━━ DATA FOR PROCESSING

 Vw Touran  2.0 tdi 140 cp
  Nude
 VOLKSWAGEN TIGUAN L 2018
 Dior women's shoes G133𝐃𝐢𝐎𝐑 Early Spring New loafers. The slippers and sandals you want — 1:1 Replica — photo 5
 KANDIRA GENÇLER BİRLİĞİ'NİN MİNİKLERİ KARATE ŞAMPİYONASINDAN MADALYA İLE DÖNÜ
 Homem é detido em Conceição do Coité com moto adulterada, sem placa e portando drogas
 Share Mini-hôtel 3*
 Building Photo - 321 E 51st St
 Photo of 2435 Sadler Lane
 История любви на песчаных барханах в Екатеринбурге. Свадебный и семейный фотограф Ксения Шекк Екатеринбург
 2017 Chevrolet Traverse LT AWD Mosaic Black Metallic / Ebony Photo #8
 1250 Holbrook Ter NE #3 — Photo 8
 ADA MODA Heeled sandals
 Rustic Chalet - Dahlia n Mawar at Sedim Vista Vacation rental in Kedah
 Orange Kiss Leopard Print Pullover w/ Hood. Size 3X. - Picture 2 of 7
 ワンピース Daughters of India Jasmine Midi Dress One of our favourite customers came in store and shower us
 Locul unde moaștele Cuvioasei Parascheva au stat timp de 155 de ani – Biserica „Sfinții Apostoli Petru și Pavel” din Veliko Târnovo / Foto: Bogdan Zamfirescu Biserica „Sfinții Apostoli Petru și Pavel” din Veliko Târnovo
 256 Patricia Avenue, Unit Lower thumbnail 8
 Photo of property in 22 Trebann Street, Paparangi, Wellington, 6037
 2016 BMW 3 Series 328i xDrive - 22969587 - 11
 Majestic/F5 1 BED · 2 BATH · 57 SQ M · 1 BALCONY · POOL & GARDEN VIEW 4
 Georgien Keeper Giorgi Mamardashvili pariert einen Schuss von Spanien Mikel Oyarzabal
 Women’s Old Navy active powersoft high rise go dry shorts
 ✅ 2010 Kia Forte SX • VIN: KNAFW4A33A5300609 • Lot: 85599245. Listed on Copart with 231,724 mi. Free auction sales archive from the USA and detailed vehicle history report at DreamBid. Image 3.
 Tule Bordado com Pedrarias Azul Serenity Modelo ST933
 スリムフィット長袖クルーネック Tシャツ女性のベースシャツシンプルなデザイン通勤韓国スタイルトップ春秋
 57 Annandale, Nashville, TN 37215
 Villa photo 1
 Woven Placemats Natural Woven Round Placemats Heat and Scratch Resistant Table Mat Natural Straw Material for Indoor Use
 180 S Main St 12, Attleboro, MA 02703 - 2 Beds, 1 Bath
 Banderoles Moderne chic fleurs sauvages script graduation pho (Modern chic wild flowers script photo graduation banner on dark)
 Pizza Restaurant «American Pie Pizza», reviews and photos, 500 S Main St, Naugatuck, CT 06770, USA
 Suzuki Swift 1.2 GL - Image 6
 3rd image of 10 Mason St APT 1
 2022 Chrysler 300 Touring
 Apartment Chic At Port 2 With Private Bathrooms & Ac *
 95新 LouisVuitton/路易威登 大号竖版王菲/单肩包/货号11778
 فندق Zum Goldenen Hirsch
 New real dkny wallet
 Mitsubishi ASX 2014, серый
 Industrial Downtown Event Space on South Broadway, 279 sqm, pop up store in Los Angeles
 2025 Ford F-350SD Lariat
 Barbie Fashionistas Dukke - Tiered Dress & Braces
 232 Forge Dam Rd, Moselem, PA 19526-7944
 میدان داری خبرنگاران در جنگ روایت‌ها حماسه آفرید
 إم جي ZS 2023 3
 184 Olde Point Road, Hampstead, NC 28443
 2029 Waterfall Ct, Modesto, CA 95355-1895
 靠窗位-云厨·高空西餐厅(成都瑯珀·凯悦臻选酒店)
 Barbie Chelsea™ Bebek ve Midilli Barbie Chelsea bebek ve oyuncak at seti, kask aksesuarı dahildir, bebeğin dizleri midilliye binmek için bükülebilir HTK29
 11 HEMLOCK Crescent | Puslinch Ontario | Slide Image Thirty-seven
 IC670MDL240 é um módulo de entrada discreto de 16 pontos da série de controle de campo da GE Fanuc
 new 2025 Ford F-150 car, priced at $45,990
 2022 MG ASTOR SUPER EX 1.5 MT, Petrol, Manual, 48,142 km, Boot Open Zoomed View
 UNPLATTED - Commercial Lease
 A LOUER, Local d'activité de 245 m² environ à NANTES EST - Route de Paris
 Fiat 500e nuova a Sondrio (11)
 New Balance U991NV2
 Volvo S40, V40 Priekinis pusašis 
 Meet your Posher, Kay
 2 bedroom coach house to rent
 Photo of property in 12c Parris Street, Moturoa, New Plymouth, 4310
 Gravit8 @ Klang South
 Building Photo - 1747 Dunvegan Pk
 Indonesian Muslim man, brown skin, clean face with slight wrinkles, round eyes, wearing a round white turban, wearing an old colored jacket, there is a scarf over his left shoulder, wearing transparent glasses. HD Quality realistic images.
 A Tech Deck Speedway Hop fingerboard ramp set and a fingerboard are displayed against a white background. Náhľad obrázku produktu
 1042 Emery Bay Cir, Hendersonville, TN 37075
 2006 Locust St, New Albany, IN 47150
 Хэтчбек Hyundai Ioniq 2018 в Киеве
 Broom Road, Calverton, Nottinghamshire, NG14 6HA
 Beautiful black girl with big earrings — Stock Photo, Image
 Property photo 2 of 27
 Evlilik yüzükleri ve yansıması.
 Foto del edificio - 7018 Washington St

━━━━

Go back to the listing above. Copy word for word the lines from the one with "Fiat 500e nuova a Sondrio (11)" through the one with "Evlilik yüzükleri ve yansıması.", and nothing more.

- [THE ANSWER]
 Fiat 500e nuova a Sondrio (11)
 New Balance U991NV2
 Volvo S40, V40 Priekinis pusašis 
 Meet your Posher, Kay
 2 bedroom coach house to rent
 Photo of property in 12c Parris Street, Moturoa, New Plymouth, 4310
 Gravit8 @ Klang South
 Building Photo - 1747 Dunvegan Pk
 Indonesian Muslim man, brown skin, clean face with slight wrinkles, round eyes, wearing a round white turban, wearing an old colored jacket, there is a scarf over his left shoulder, wearing transparent glasses. HD Quality realistic images.
 A Tech Deck Speedway Hop fingerboard ramp set and a fingerboard are displayed against a white background. Náhľad obrázku produktu
 1042 Emery Bay Cir, Hendersonville, TN 37075
 2006 Locust St, New Albany, IN 47150
 Хэтчбек Hyundai Ioniq 2018 в Киеве
 Broom Road, Calverton, Nottinghamshire, NG14 6HA
 Beautiful black girl with big earrings — Stock Photo, Image
 Property photo 2 of 27
 Evlilik yüzükleri ve yansıması.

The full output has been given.